Leviathan 477 – Recipe from David Embury’s ‘The Fine Art of Mixing Drinks’
1 part Sugar Syrup
2 parts Lemon Juice
2 parts Orange Juice
4 parts Scotch
Shake.
Leviathan is about as biblical sounding and scary as you get, and it features in initially in Judaism before making a scary life ending entry into Christianity. In most references it refers to a large frightening sea bound creature, the mouth of hell, which is often cut up and eaten as all scary biblical monsters should be (except David, by all accounts he was to small to feed the many, yes I said David, the man who took a gun to a knife fight).
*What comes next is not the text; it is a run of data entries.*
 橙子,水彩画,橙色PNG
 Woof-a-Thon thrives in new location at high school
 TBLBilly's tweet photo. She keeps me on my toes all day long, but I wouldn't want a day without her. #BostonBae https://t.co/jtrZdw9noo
Over time the word has been used to refer to sea monsters in general, although where Embury got this exact tag from I’m not sure. At first I thought the number was biblical in origin, which probably says more about my lack of any theological education, now I’m beginning to wonder if it wasn’t the name of a yacht.
If I’m being honest this is one of those drinks I chose because it was fairly late and I needed a drink with which I had all of the ingredients at home for, and this seemed perfect, even if it meant putting a small cocktail sized dent in one of my mother in laws bottles of Dalmore.
I’m not a massive fan of scotch, let alone in cocktails, all those punchy flavours don’t play well with others, generally. One of the exceptions to this rule I know of is a ‘blood and sand’ cocktail named after the Rudolph Valentino film of the same name, which is orange juice, scotch and cherry, I always think of the cherry as the blood, and the scotch as the scratchy sand. The proportions of this drink don’t fit into the normal Embury canon, and when drinks to vary he normally has some sort of feedback regarding just how rubbish they are, so the absence of this is interesting in itself.
The drink is actually damn good, there is a ton of fruit juice in there, that and the sugar making over half the drink, so after shaking its almost more similar to a highball then a cocktail, but I really enjoyed it, surprisingly so. Its not a drink for Scotch purists, and I feel a little bad about using Dalmore in a drink where any entry blended would suffice, but it was damn nice, and I think something I might start using in cocktail classes at Goat.